海外
2016.03.03
サンウルブズに追加招集の浅原拓真、海外列強とのスクラムに自信。
サンウルブズのムードメーカーとなっている浅原拓真(撮影:松本かおり)
南半球の強豪クラブが集うスーパーラグビーへ日本から初参戦するサンウルブズ。初期メンバーは昨年12月に発表されたばかりで、始動は開幕から約3週間前の今年2月上旬だった。さらなる選手層拡大がかねてからの課題となっているなか、強力な援軍が現れた。
浅原拓真、28歳。日本最高峰トップリーグの2015年度準優勝チーム、東芝の右PRだ。身長179センチ、体重113キロと国際舞台にあっては小柄だが、東芝では左PRの三上正貴、HOの湯原祐希とともに息の合ったスクラムワークをアピール。司令塔的な存在の湯原に、その押し込みの強さを活かされている。日本代表選出経験もあり、入社6年目の今季はトップリーグのベストフィフティーンにも輝いていた。スーパーラグビーで避けられない大男とのつばぜり合いを、こう展望する。
「外国人にはパワーがある。ただ、まとまっているのかどうかはわからない。日本人の低さとヒットスピードで、何とかなる」
サンウルブズからは1月下旬に声がかかった。「呼ばれたらその気です」と返事をした。自身の結婚式を経て、2月25日に合流した。3月2日の都内での練習時は、レギュラー組でラインアウトのセッションをおこなう。徐々に頭角を現している。拓殖大からサンウルブズ入りした右PRの具智元をして「僕は外寄り、相手の1番(対面の左PR)に対して組むけど、浅原さんは真っ直ぐ(相手の左PRとHOが組み合う肩あたりへ向かって)組む。新しい組み方で、勉強になる」と言わしめる。その存在が、化学変化を起こしうる。

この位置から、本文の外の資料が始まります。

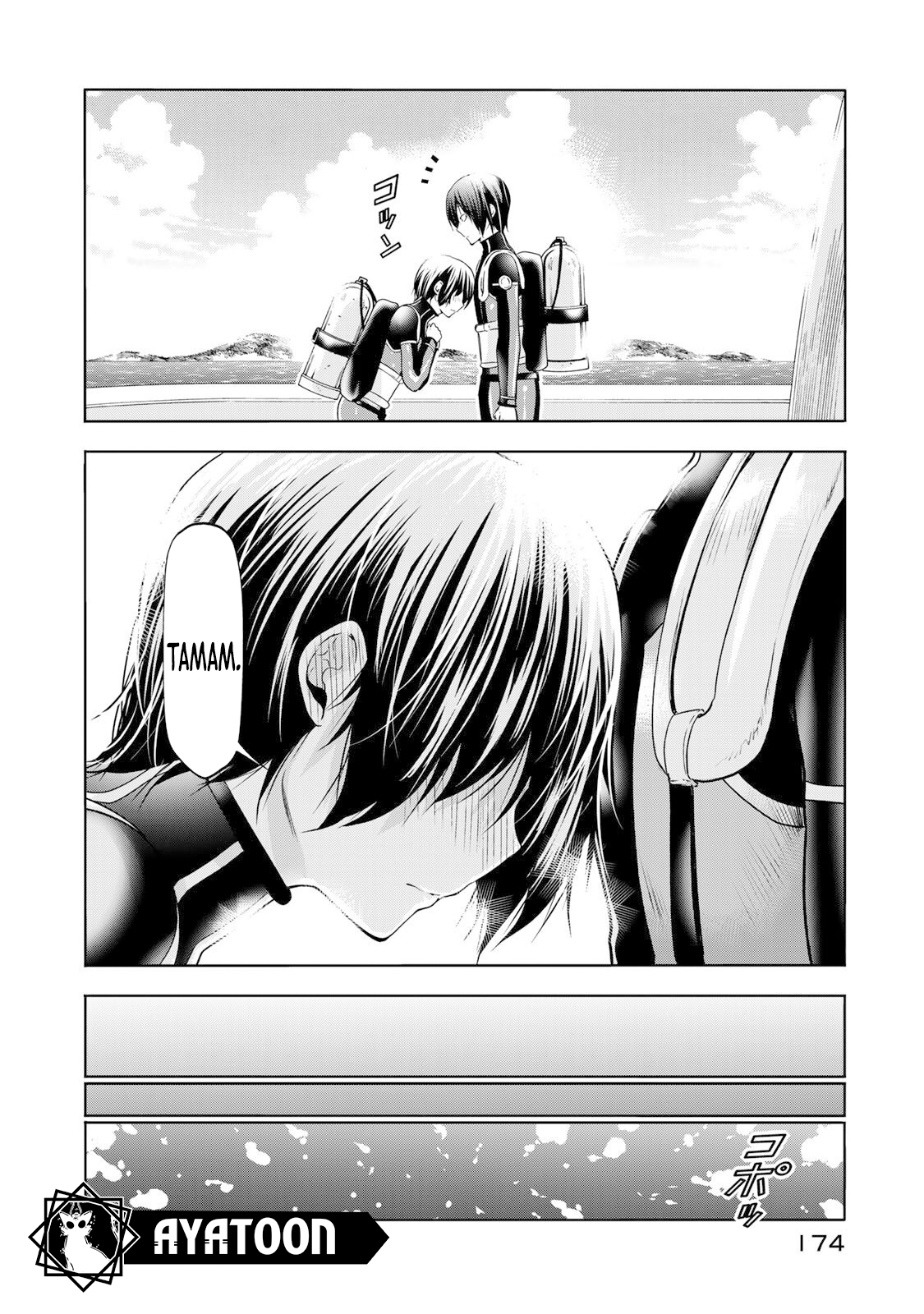 Grand Blue Bölüm 81
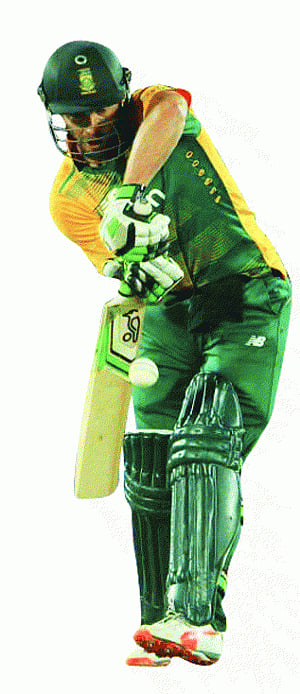 Duminy steals Rohit's thunder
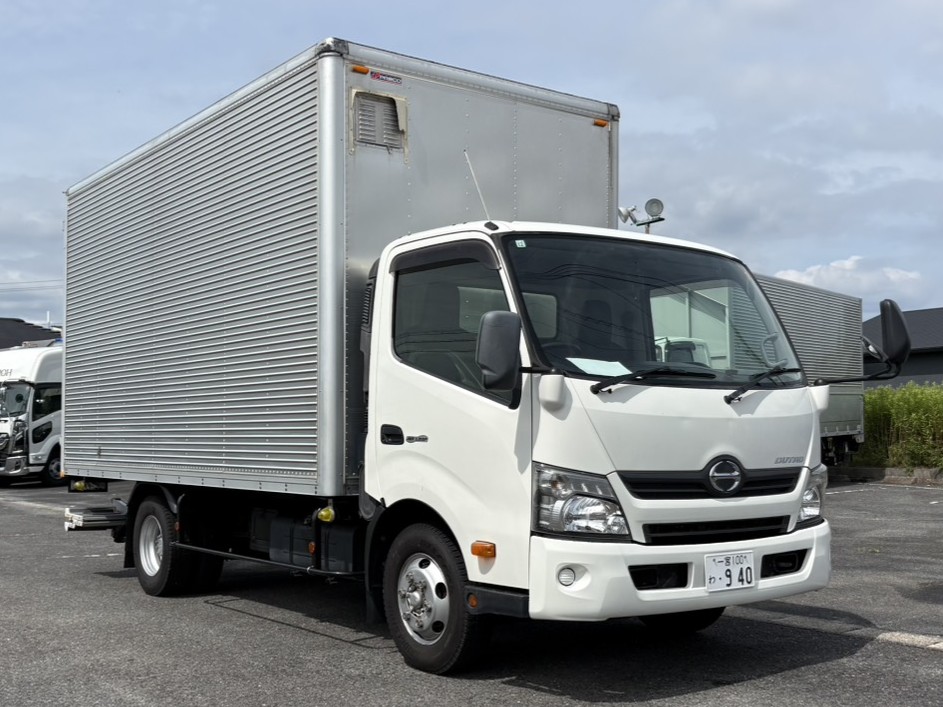 中古アルミバン 日野 デュトロ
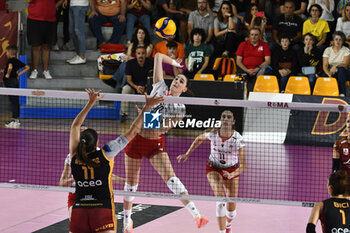 2023-10-22 - Sartori Benedetta of Uyba Volley Busto Arsizio - ROMA VOLLEY CLUB VS UYBA VOLLEY BUSTO ARSIZIO - SERIE A1 WOMEN - VOLLEYBALL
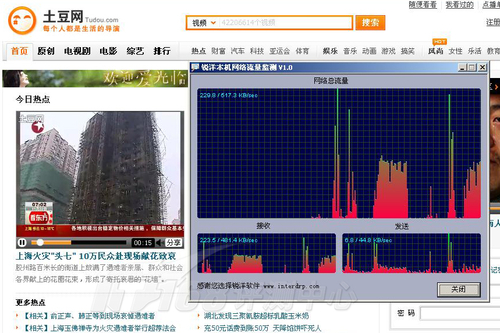 网讯V6下载速度及传输性能测试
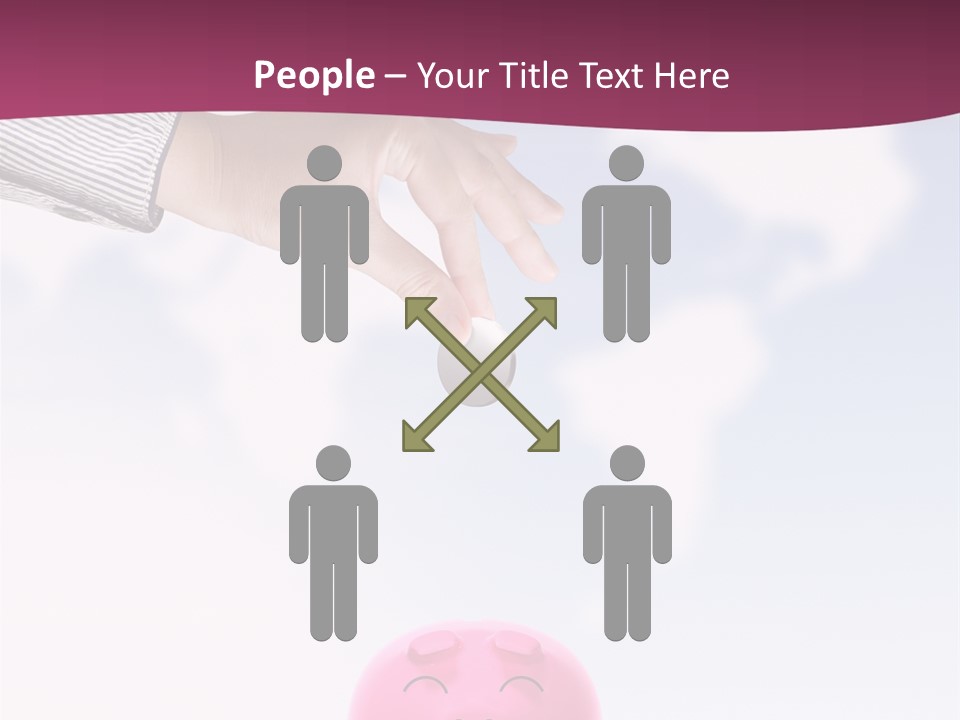 Mixed Race Parents Togetherness PowerPoint Template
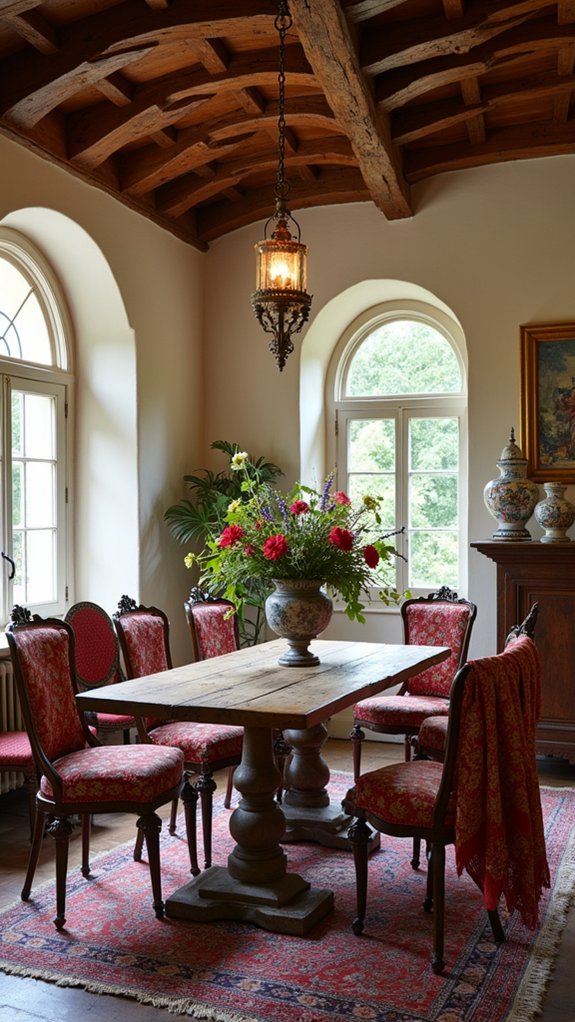 cultural artifacts enhance interiors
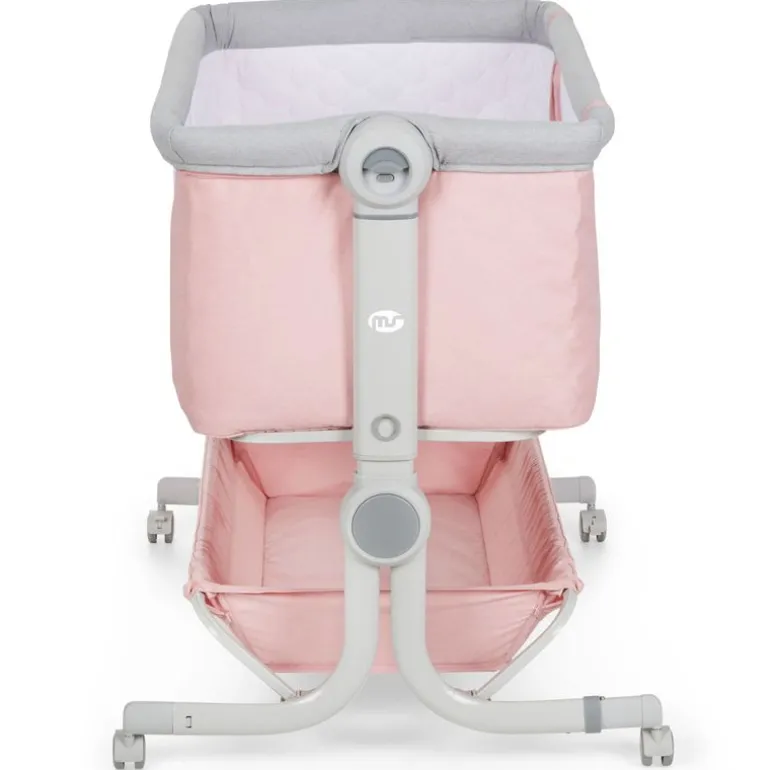 Minicuna Colecho Comfy Rosa + textil Star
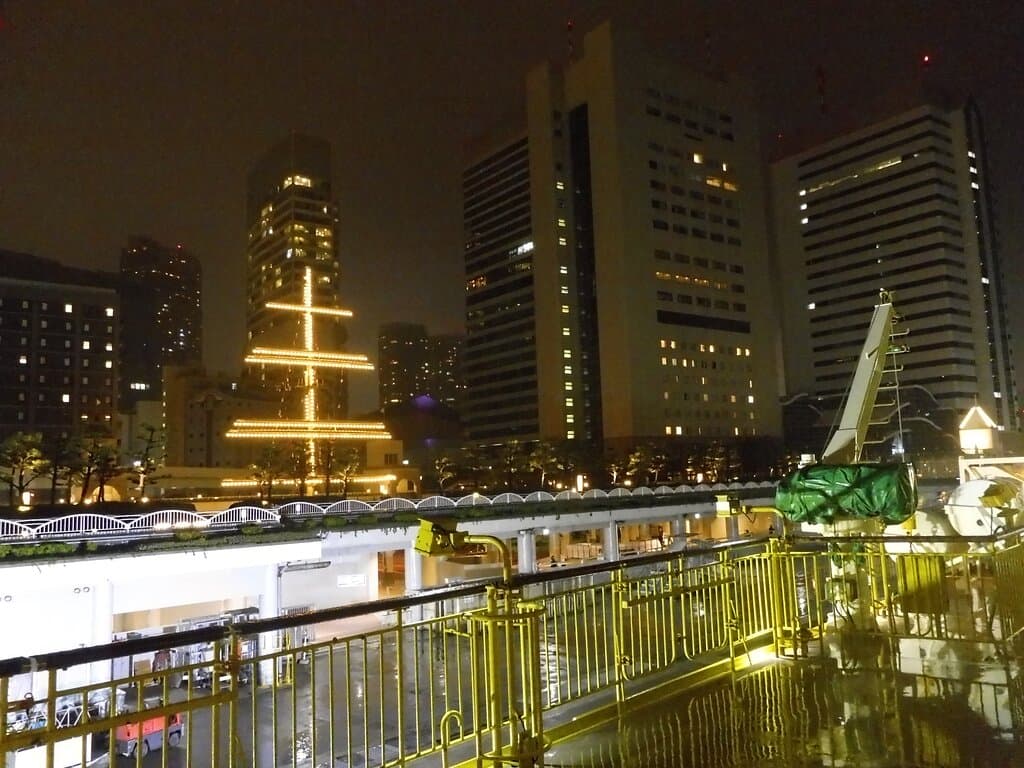 Takeshiba Passenger Ship Terminal０１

「いいチームですね。楽しいです。僕はほとんど東芝とジャパンしか経験してないですけど、サンウルブズは新鮮。いい意味でいえば、フランク。練習も最初は楽しい雰囲気で入って、堀江さんが締めてゆく」
ずっと湯原らとのコンビネーションで力を示しており、「本当はユハー、ラブ」と笑う。今回は別なHOと呼吸を合わせる必要があるが、新たな挑戦にも前向きだ。自ら名前を挙げたHOの堀江翔太主将との連携にも、不安はない。パナソニックを拠点とする代表副将について、こう話している。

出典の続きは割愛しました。